Chère chérie, en ce moment, je suis bien tranquille au coin du poêle chez des braves gens qui nous logent et qui jouent de bonté jusqu’à nous mettre une brique dans notre lit.
Tu vois que nous sommes à nouveau trop heureux pour que cela dure.
Enfin, tant pis, ce sera toujours tant de pris sur les mauvais jours. Nous allons manger dans quelques instants le reblochon que m’a envoyé l’oncle Honoré.
Voilà à peu près tout ce que j’avais à te dire ma petite chérie.
J’attends de tes nouvelles avec impatience et t’embrasse ainsi que Mimi Riri de toutes mes forces comme je vous aime.
Louis
Bons baisers pour ma nièce et pour tes parents.
Comme on peut encore le constater, une carte qui se veut rassurante, dans laquelle on échange finalement que des banalités… en dehors d’un « trop heureux pour que cela dure », non dénué de sens !
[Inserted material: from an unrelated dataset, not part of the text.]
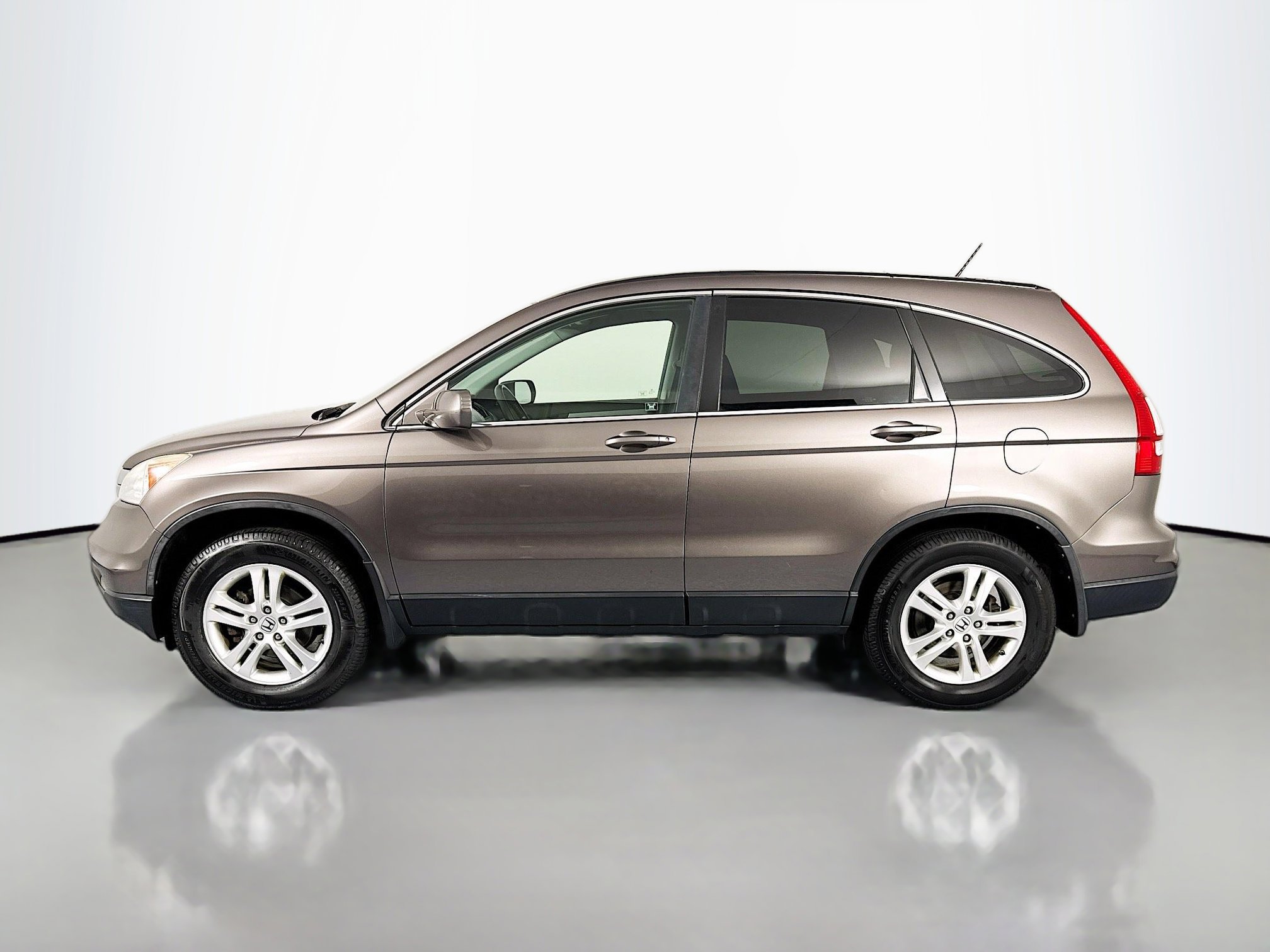 Used 2010 Honda CR-V EX-L image 8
A la lecture du texte, il semble que Louis ne soit pas soldat, mais plutôt resté seul à Reims, sa famille mise à l’abri quelque part.
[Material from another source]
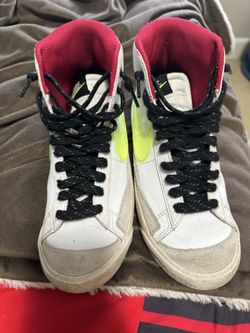 Nike Blazers 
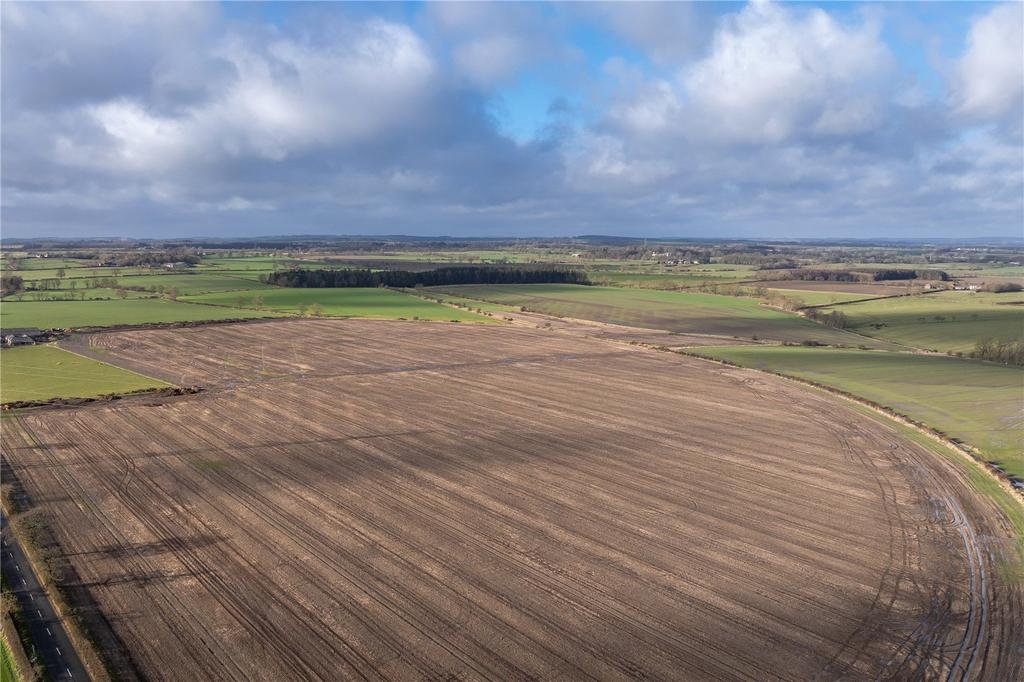 East House Farm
Il est, comme il le note, « hébergé chez des braves gens » qui poussent la gentillesse jusqu’à réchauffer les draps du lit avant d’aller coucher.
Il faut dire qu’il ne doit pas faire chaud, si on regarde dans l’Almanach Matot-Braine de l’époque, il est écrit que 3 jours avant, la neige tombait en flocons serrés… c’est vraiment l’hiver.
Si l’on consulte les événements rémois des jours précédents, il semble que la tranquillité que décrit Louis ne soit évoquée que pour rassurer la famille…
En effet, le Matot-Braine note chaque jour des canonnades ou des bombardements presque sans répits, des blessés et des morts. La dernière nuit vraiment calme remonte au 23 février 1915. Pas de quoi vivre en toute quiétude !
Petit clin d’œil au recto de la carte. En dehors du fait que le visuel nous montre les destructions de la cathédrale de Reims, Louis a ajouté une petite phrase assez amusante, qui sera certainement appréciée par nos amis cartophiles :
« Je t’envoie ces deux vues que j’avais depuis longtemps, elles seront rares après la guerre. »
Il est vrai que ne sommes qu’en mars 1915, moins d’un an s’est écoulé depuis le début du conflit, il est encore loin d’imaginer que tout çà durera plus de 4 années ! Et des cartes… il y en aura d’édité, par millions !
Au final, en-dehors de quelques unes, ces cartes postales montrant les ravages de la guerre dans notre ville ne sont pas devenues si rares que semblait le penser Louis.